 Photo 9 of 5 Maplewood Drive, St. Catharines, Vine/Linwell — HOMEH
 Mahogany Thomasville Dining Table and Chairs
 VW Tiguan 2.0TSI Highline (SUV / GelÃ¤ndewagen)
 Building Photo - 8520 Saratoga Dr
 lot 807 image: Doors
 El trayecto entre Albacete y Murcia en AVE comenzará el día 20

════════════════

§ **Work item**
Nothing but the lines from the one holding "VW Tiguan 2.0TSI" to the end of the entries should be output, each exactly as it appears.

§ **Output of the task**
 VW Tiguan 2.0TSI Highline (SUV / GelÃ¤ndewagen)
 Building Photo - 8520 Saratoga Dr
 lot 807 image: Doors
 El trayecto entre Albacete y Murcia en AVE comenzará el día 20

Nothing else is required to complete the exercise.